Round Table on Cooperation between the Russian Orthodox Church and the State in Combating the Spread of HIV/AIDS

A Round Table on Cooperation between the Russian Orthodox Church and the State in Combating the Spread of HIV/AIDS, organized by the Moscow Patriarchate’s department for external church relations (DECR), took place on March 29, 2011, at the Lipetsk Regional Administration. The meeting dealt with pressing problems of the prevention of drug addiction and spread of HIV/AIDS as well as problems involved in the spiritual and moral education of youth. A special place in the agenda was given to the experience of implementing the Ladya program in Lipetsk, aiming at preventing risk behaviours and HIV/AIDS among teenagers.

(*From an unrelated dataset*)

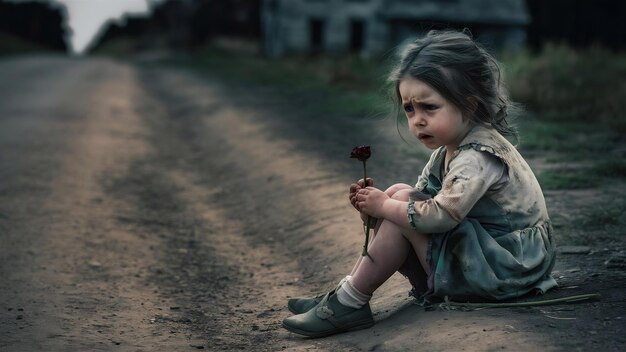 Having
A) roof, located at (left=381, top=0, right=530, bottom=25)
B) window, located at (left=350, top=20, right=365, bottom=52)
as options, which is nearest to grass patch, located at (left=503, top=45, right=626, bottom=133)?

The Round Table was attended by representatives of the Lipetsk Internal Policy Directorate, Lipetsk Public Chamber, Lipetsk Regional Directorate for Education and Science, Lipetsk Regional Drug Control Service, Lipetsk Regional Center for Preventing and Combating AIDS and Infectious Diseases, Lipetsk Regional Drug Abuse Clinic, UN Population Fund, DECR, ROC diocesan clergy in Lipetsk, Orthodox Doctors Society as well as leaders and specialists of educational institutions.

The meeting was chaired by I. Dedyaev, chief of the Lipetsk Regional Internal Policy Directorate. He welcomed the gathering on behalf of the organizers and pointed to the relevance of the issues to be dealt with by the Round Table in the light of the governmental youth policy.

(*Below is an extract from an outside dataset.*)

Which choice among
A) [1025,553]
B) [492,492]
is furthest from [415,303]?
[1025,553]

Archbishop Nikon of Lipetsk and Yelets drew the attention of the gathering to the position taken by the Russian Orthodox Church in opposing the spread of the HIV/AIDS epidemic and called the participants to help foster spiritual and moral norms in society.

Ms. V. Kisenko, chairman of the Lipetsk Regional Public Chamber, shared her experience of cooperation with various organizations in the region and pointed to the need for preventive work among young people.

Ms. L. Kirillova, chief doctor of the Lipetsk Regional AIDS Center, spoke of the threatening rate of HIV/AIDS spreading in Russia and the Lipetsk region and the efforts to check it through education and spiritual and moral formation.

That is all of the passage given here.